=== Entries shown ===
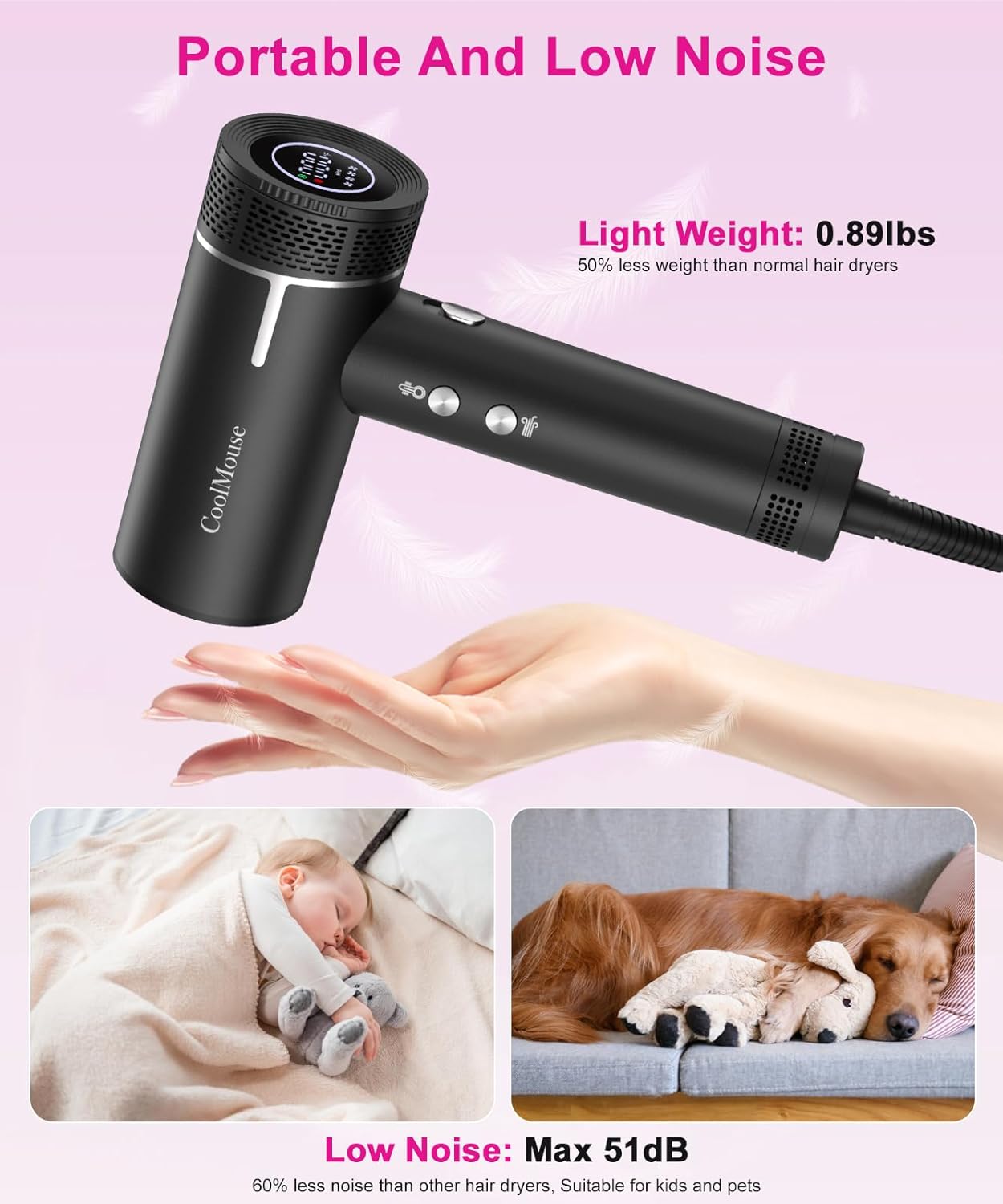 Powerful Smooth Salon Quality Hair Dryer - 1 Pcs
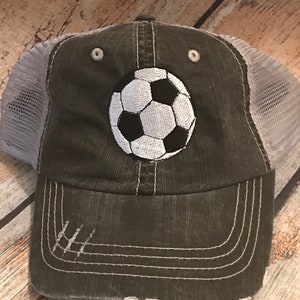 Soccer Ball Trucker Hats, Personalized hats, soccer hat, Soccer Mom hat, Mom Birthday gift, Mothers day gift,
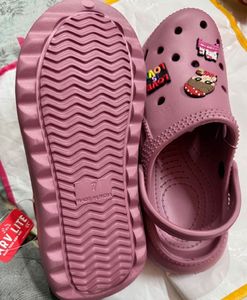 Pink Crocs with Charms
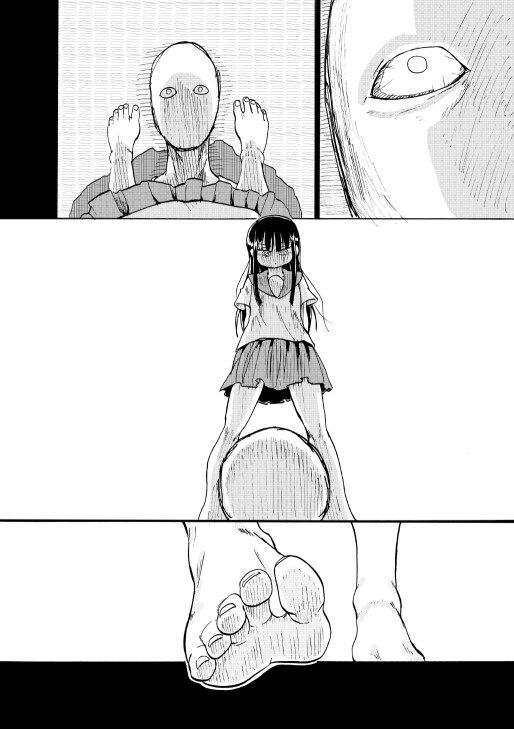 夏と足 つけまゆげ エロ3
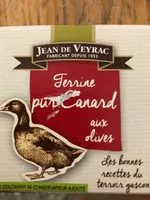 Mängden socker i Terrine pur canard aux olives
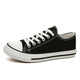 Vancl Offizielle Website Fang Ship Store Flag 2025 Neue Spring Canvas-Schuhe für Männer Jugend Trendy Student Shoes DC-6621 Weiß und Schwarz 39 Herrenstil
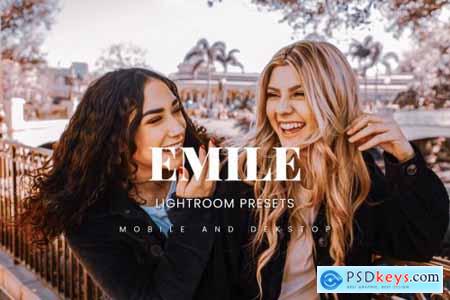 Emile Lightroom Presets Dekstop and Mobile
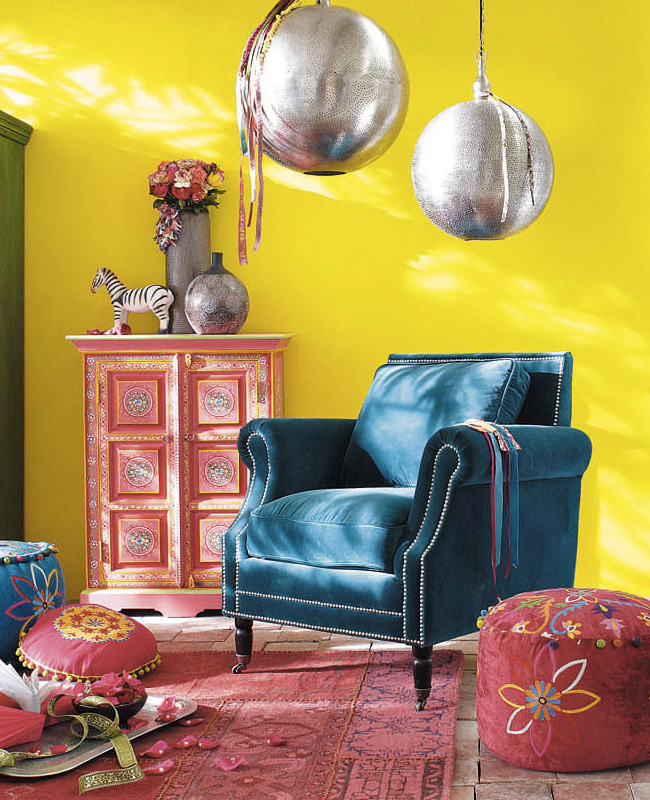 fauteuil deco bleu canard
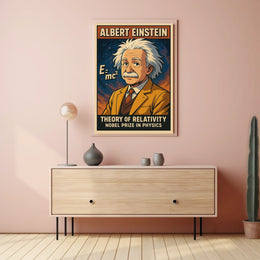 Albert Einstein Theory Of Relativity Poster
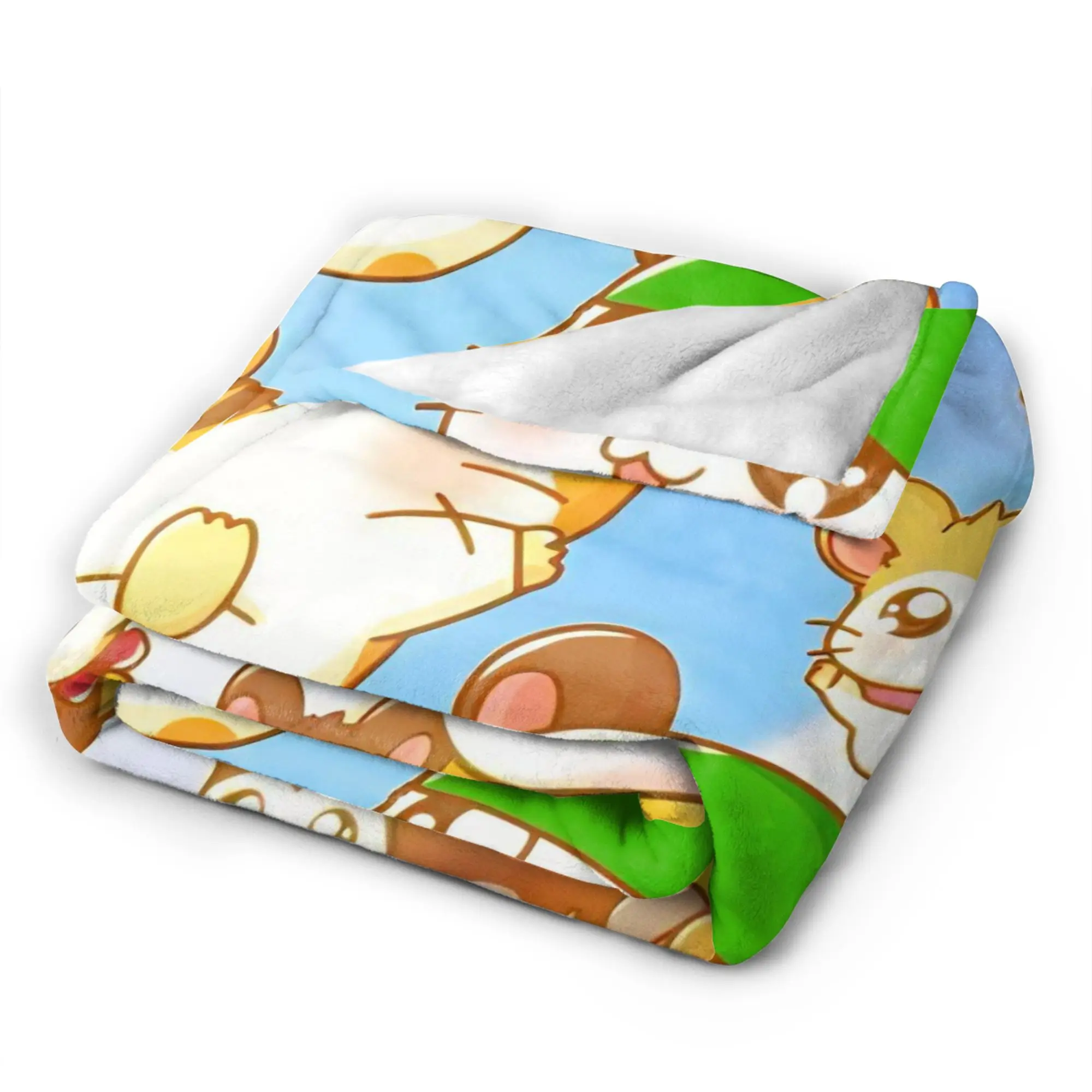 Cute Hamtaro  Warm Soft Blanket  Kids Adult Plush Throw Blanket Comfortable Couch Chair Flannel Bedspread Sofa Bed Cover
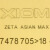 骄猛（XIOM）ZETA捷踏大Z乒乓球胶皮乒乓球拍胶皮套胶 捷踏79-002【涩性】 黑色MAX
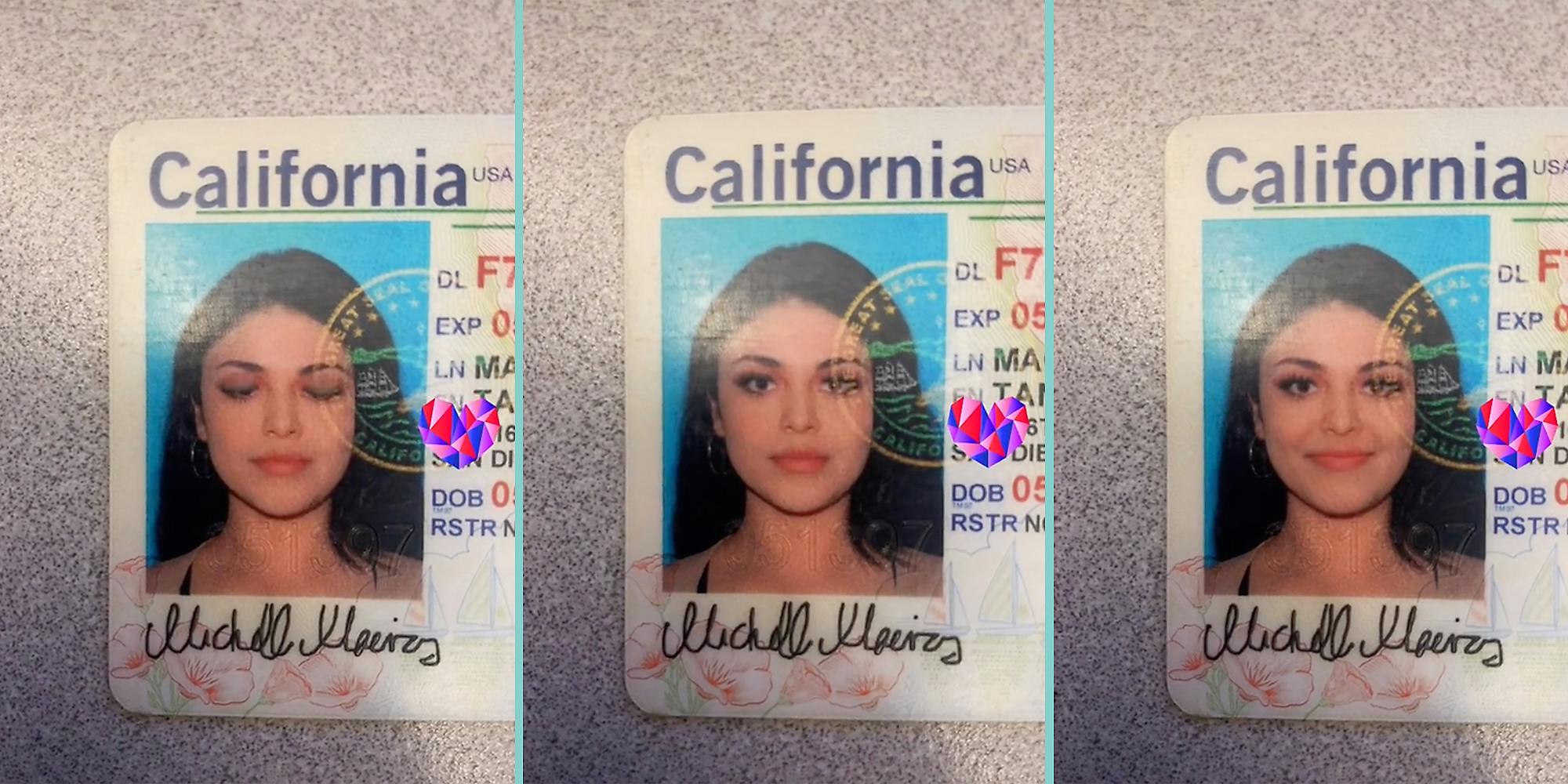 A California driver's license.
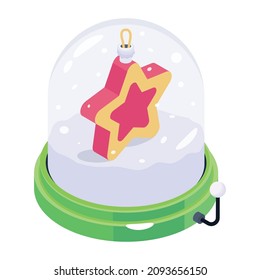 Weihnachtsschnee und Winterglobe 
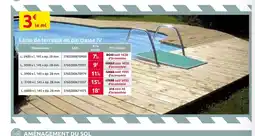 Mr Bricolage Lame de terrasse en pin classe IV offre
===
Exercise prompt | From the records above, extract the lines from the one holding "Sofa Bed Cover" through the one holding "Weihnachtsschnee und Winterglobe", word for word; omit the pictures.

Exercise response |
 Cute Hamtaro  Warm Soft Blanket  Kids Adult Plush Throw Blanket Comfortable Couch Chair Flannel Bedspread Sofa Bed Cover
 骄猛（XIOM）ZETA捷踏大Z乒乓球胶皮乒乓球拍胶皮套胶 捷踏79-002【涩性】 黑色MAX
 A California driver's license.
 Weihnachtsschnee und Winterglobe 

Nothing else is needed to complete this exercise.